Anti-ageing creams, which promise to smooth away the fine lines of maturity, could lead to cancer by stripping the skin of its protective top  as explained by exparts.

A leading US professor has said that using these revolutionary creams could expose the skin to dangerous toxins and make it more prone to sun damage.

Dr Sam Epstein, chairman of the Cancer Prevention Coalition, has said that popular ingredients in anti-ageing creams called alpha-hydroxy acids (AHAs) were “probably the most dangerous cosmetic products on the market”.

And now, he has urged the American safety body to introduce new regulations to protect consumers and also asked British shoppers to be aware of the risks. “So many women, and even some men, slather these products all over their skin in the naive belief that they have nothing to fear but ageing,” The Daily Express quoted Epstein as saying.

The British cosmetics industry must comply with EU rules on what ingredients to use and what warnings to place on labels.

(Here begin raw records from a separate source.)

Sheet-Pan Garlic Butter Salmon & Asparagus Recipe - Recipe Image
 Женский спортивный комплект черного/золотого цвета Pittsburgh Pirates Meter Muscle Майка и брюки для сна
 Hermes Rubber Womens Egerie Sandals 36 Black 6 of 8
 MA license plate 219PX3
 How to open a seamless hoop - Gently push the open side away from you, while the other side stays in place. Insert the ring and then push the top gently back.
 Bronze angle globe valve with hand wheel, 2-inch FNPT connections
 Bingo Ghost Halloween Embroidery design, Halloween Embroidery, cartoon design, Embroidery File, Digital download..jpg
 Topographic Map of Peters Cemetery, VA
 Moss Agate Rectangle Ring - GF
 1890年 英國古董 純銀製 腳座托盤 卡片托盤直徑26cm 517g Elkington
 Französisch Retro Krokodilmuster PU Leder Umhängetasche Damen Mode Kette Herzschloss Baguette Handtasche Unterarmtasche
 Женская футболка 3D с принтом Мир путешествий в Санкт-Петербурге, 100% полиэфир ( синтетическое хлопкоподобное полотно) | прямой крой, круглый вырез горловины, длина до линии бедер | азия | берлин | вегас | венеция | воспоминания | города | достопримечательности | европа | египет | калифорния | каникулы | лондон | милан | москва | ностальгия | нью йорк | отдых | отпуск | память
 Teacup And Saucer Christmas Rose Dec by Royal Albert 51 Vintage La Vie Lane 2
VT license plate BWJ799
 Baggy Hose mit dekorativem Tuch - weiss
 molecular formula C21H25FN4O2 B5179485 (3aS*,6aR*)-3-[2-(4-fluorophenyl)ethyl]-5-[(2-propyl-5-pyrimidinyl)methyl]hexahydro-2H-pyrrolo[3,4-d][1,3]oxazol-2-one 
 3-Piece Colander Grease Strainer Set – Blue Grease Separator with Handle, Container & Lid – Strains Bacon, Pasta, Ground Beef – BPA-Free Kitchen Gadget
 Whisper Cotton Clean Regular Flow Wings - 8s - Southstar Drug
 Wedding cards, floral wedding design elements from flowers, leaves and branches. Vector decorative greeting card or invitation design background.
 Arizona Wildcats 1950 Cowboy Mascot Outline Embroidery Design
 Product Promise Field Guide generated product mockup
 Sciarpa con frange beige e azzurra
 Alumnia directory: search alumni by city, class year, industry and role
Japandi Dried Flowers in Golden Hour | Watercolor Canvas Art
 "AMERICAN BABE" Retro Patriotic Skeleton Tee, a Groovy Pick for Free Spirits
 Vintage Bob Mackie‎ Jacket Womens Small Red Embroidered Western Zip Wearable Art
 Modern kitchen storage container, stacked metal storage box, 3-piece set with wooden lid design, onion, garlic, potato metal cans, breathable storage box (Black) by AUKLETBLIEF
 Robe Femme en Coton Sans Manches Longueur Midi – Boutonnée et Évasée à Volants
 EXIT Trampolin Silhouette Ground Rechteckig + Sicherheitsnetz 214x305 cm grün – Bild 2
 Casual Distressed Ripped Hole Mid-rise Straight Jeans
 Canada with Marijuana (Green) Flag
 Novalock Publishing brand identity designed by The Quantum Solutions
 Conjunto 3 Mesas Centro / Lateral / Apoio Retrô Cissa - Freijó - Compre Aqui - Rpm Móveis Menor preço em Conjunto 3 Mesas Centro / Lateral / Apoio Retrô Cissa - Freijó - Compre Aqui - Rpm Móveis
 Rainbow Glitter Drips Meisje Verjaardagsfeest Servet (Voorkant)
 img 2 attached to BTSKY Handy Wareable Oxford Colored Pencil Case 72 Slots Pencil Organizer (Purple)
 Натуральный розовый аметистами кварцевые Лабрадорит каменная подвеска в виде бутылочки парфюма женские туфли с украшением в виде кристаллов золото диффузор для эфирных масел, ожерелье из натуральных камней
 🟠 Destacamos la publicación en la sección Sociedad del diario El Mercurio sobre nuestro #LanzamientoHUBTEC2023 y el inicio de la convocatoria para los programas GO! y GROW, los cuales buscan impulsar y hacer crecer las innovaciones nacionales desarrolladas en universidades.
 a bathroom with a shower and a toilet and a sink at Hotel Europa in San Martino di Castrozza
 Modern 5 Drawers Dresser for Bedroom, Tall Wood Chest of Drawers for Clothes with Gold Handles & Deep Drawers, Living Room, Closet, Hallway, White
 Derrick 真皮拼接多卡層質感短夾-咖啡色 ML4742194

Currently, there is no requirement for a warning to be placed on creams containing AHAs.
However, Epstein pointed out that in America, the US Food and Drug Administration warned consumers that AHAs “could destroy the upper layers of skin, causing severe burns, swelling and pain”.

But he said that the dangers are equally relevant to British anti-wrinkle creams. “Anything that strips the surface of the skin not only risks sunlight penetrating the exposed layer but also allows other toxic products in. All of the toxic effects are massively increased by AHAs,” he said.

Epstein also expressed concern about other ingredients commonly used in anti-ageing products, such as limonene. “Apart from being an irritant, it is a well documented carcinogen,” he said.